El habano tiene su liturgia. Antes y después. Aún en estos tiempos de soledad. Más aún en estos tiempos de soledad. El rito nos hace civilizados. Más ahora que los fumadores de habanos tienen el aire de los náufragos vestidos de gala en su isla desierta. El habano y sus parientes dominicanos, nicaragüenses y hasta canarios… pero, por antonomasia, habanos. En España un cigarro puro ha sido siempre un habano.

El habano tiene en el cortejo su primavera. Y, como el amor, pide tiempo y maneras. Pide miradas. Un te quiero solo a ti entre los otros habanos del estanco o del humidor. Es esa una decisión que tiene su trémolo. Pide caricias. Tomarlo en la mano y acariciarlo hasta intuirle las hechuras y, por un instante, en la imaginación, sentarte a la mesa del torcedor. Olerlo en frío. Olerlo con respeto por todo lo que hubo antes. Por la tierra y por la gente. Por el son y por la caña. Y volver a las caricias, volver a buscarle los aceites hasta llevártelos entre los dedos, tratando siempre de descubrirle los misterios a ese amante incierto que en un habano. Y también, si se tercia, en silencio, hablarle.

¿Cortar o encender? ¿Qué va por delante? Los hay circenses que argumentan que lo primero es encender y luego cortar. No me incluyó Dios entre ellos. Corto en frío sin temor a las quemaduras. El corte y el encendido son dos tareas que exigen a la par delicadeza y precisión. Nada tan personal como el corte. Cada amante tiene su corte. Hay quienes prefieren los cortes rectos, severos, casi hirientes; otros, los cortes redondos, sutiles, casi indoloros. Cuanto mayor sea el corte más tiro y a más tiro más temperatura… pero menos intensidad. Casi como en el amor…

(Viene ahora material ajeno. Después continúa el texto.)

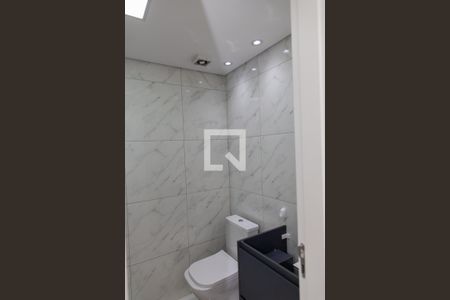 Banheiro de apartamento para alugar com 2 quartos, 51m² em Centro, Diadema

Antes de encender, calentar. Templar el habano como queriendo prolongar los placeres anteriores a la cópula. Además, así enciende mejor. Cedro, largas cerillas de madera, soplete… todo vale excepto la gasolina que es, precisamente lo que yo prefiero. No renuncio a semejante perversión, no renuncio al olor narcótico de la gasolina. No renuncio al zippo, ni al chasquido de abrirlo una y otra vez, como si su sonido anunciara la hora mágica y magnífica de darle fuego al cigarro. Se escoja lo que se escoja, todo cuidado es poco a la hora de encender un habano. Ante todo, atención. Ligeramente inclinado frente a la llama y sin que ésta llegue a tocarlo en demasía. Que el pie arda todo por igual. Que encienda limpio, sin aberrantes tiznados más propios de barrabases que de enamorados. Encender lo es todo, lo demás se te dará por añadidura y es mucha la añadidura…

Luego basta con soplar tiernamente, candorosamente, sobre la brasa para comprobar que está al rojo. Sin meneos indecentes. Sin brusquedades. Y en esto el primer beso, la mayor ventura. La plata del humo te golpea con el vaivén de las olas mientras oyes gemir las hojas de tripa al crepitar. Las primeras caladas, las más hondas. Nada tan placentero como ese primer tercio del puro, cuando la ceniza aún no ha caído y la temperatura es perfecta. Abandónate. Aguanta la ceniza hasta que caiga por su propio peso. Échate a volar…

El cigarro puro requiere calma. Y tiempo por delante. Y un buen acomodo; nada de ir de aquí para allá como un zascandil con el puro en las manos; quema peor y, además, nada es más triste que un fumador atareado. El habano pide toros, libros y tertulia. Y ron. Y brandy. Y más. Y más toros y más libros y más tertulia. Pero todo despacio, como se torea, como se ama. Mano izquierda y corazón.

Y respeto. Cuando a tu amante le llegue la hora deja que muera dulcemente, sin violencias. Recuerda que en el fumar, como en el amar, casi todo vale. Pero no todo.